I have no right to talk.
Days have elapsed since the Unite-the Right rally, aimed at bringing together members of the Alt-Right, KKK, and other white supremacist, ethno-nationalists, tore a hole through the Charlottesville community. In that time, social media posts from UVa students, friends, colleagues, Charlottesville residents, late night television hosts, news networks, and prominent congressional Republicans (if not presidents) have denounced the hatred and commended the countering bravery on that day.
I have not.
I wasn’t at the counter-protest against the white nationalists either.

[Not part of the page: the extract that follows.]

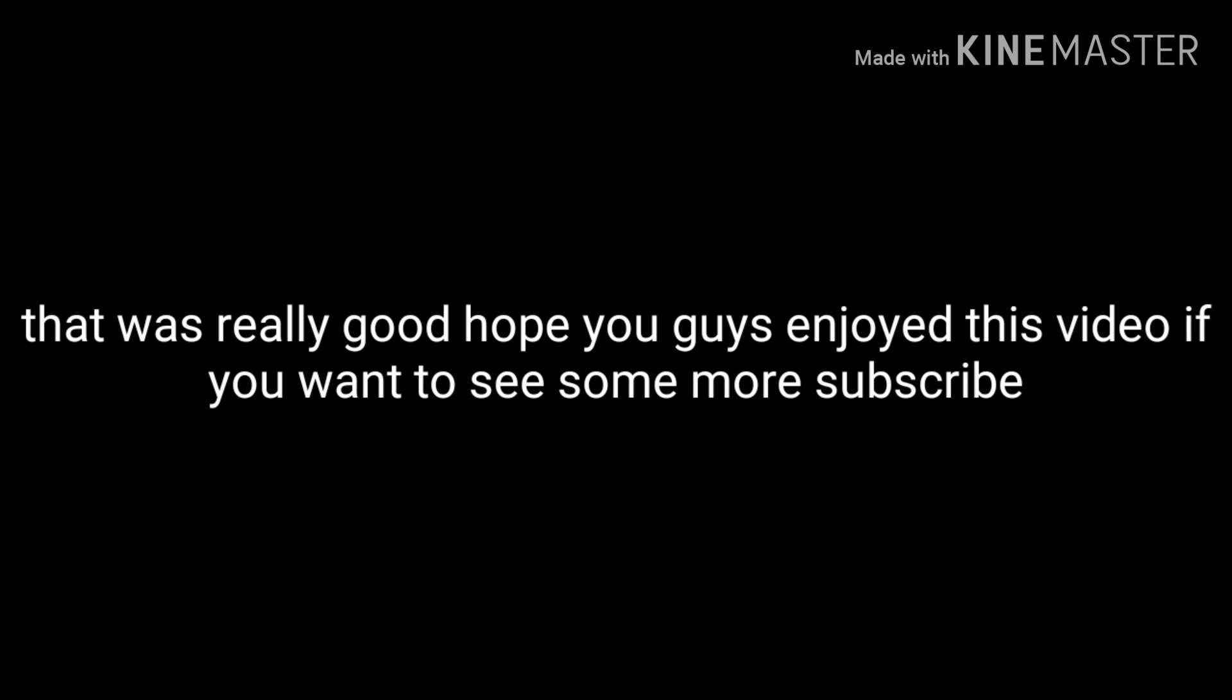Hope you guys enjoyed this video. If you want to see me eat more bizarre foods, all you have to do is like, share, and subscribe to the channel. And if you want me to play a game or do something else, all you have to do is leave it in the comments down below and I will do so. And... Bye.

Throughout Saturday’s events, and even Friday’s unplanned white nationalist Torch March through UVa grounds, I remained indoors, heeding the calls for safety issued by University officials and by my employers in the office of Housing and Residence Life.
HRL training began on July 29 in Charlottesville, and I have been living on grounds since then.

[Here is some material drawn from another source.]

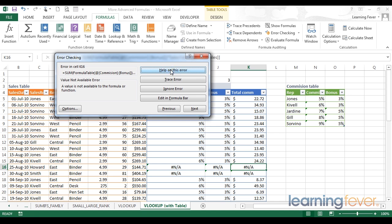But the most likely scenario is that you're going to have to fix this error by using your brain and looking at the different inputs of the formula to debug the formula yourself.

I was not in Charlottesville, however, on July 8th when the Ku Klux Klan held a protected rally to protest the removal of the Robert E. Lee statue from what is now called Emancipation Park. Many brave students and citizens attended a counter protest where this photo of Officer Darius Nash of CPD was taken.
Nash is seen with a bowed head in protective formation backgrounded by a robed KKK wizard, a man in Nazi salute, and a man holding a Confederate flag. The picture is meant to capture the tension between professional responsibility and personal moral impetus. The yellow police tape acting both to separate the white nationalists from the protestors as well as serving to magnify Nash’s assumed desire to cross his professional line and react emotionally.
I first came across this picture several days after the rally, as Charlottesville residents debated the significance of Nash’s actions. Blue Lives Matter supporters commended Nash for his professionalism, a few profiles featuring black profile pictures critiqued him for his compliance, and I swore that I wouldn’t ever be caught dead using professionalism as an excuse to avoid morally imperative confrontation.
After all, Martin Luther King Jr.’s Letter from Birmingham Jail, appears to make clear an individual’s moral responsibility in condemning injustice anywhere as a threat to justice everywhere. He writes the letter in response to moderate church leaders in Birmingham who professed support for his cause but reprimanded him for moving too quickly on his progressive agenda.
These were the thingfirst-gradegrade teacher, my great aunt, and my college professors taught me. These were things my parents taught me.
These were the same people who texted me, called me, and prayed for me on Saturday, August 12, encouraging me to be safe, to do what was right. Instead, I stayed safe and did what was wrong—what I believed to be wrong. I stayed in training.
As updates rolled in on twitter and news media outlets, I encouraged my staffers to go about their training routine, which was, ironically, a day of practice scenarios in case they needed to be first responders to residents. After that, we went back to my air conditioned apartment and talked about how we would create an inclusive living space for our inbound residents.
That was while bands of white nationalists scoured Charlottesville after being dispersed by law enforcement.
I knew all twelve of my Resident Advisors were looking at me for guidance. In fact, I could feel the eyes of staffers in other parts of the program looking at me, waiting to see what I would do or say. If I, as a black person, could remain diligent to my professional responsibilities in lieu of hate speech, crimes, and threats then so could they.
I couldn’t help but think of Officer Nash.
The true significance of the picture became suddenly apparent to me.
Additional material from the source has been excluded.